Mr Godzi said the refusal to accept the letter did not mean that she is not suspended. Her suspension from the bench becomes automatic under the law once the tribunal is put in place to pave way for investigations.
The proclamation setting up the tribunal was issued yesterday.
Justice Ndewere had, after the recommendation of the JSC, already filed an urgent application seeking an interim interdict to stop the setting up of a tribunal by President Mnangagwa to investigate her judicial conduct, pending the determination of the legality of the process charted.
On Wednesday Justice Davison Foroma recused himself from Justice Ndewere’s urgent application to interdict the President from setting up a tribunal to investigate her for alleged misconduct, citing professional reasons including the fact that he was in the same criminal division as the troubled judge.
In addition, Justice Foroma said that judges in the same division interact closely with each other in a number of collaborative respects. He felt there was need to maintain collegiality amongst judges to avoid perceptions in the public domain and that it would be in the best interests of justice.
Ndewere had sought the judge’s recusal arguing that sitting judges would not easily rule against their superiors Chief Justice Luke Malaba, the Judicial Service Commission and Judge President Justice George Chiweshe, all listed as respondents in the matter.
If the tribunal clears her, she returns to the bench; if the tribunal makes other findings and recommendations she could well lose her job.
The tribunal is not a criminal court, but can report that certain conduct is not consistent with holding judicial office. The Constitution provides that a judge may be removed from office only for inability to perform the functions of his or her office, due to mental or physical incapacity, or gross incompetence, or gross misconduct. Otherwise judges serve until retirement or resignation.
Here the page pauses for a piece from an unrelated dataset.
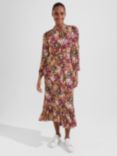 Hobbs Camellia Abstract Print Midi Dress, Multi, Multi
The process is deliberately designed to ensure judges have practical independence since ruling against the Government of the day in a judgment cannot lead to a tribunal hearing.
The Constitution further stipulates that if the Judicial Service Commission advises the President that the question of removing any judge, including the Chief Justice, from office ought to be investigated, the President must appoint a tribunal to inquire into the matter. He does not have much discretion in the matter.
In this case, the JSC last month formally advised President Mnangagwa to set up a tribunal to look into the question of whether or not Justice Ndewere was fit to hold office, reportedly for slipshod work and delayed judgments.
But she denies the allegations claiming the misconduct allegations levied against her were victimisation for refusing to comply with “unlawful orders”. However, it is understood that such a charge is not part of the tribunal’s brief, rather it has to investigate a growing pile of judgments delayed beyond the time limits set, and at least one review judgment that implied she had not read the file.
Secretary for Justice, Legal and Parliamentary Affairs Mrs Virginia Mabhiza will be the secretary to the tribunal.
At the end of the inquiry, the tribunal is expected to establish whether or not the judge’s conduct can be deemed to have been tantamount to gross incompetence.
The tribunal will also seek to establish whether Justice Ndewere interfered with the course of deliberations of the JSC concerning allegations that were being levelled against her and to consider all information submitted by the JSC to arrive at an appropriate recommendation to the President.
After a full inquiry, the tribunal will make its recommendation on what it finds out about the judge’s performance in light of the allegations against her and has to report to the President these findings within a month from the date of conclusion of the inquiry.
Justice Ndewere becomes the second judge this year to be probed for conduct that constitutes judicial misconduct, and which calls for a tribunal hearing.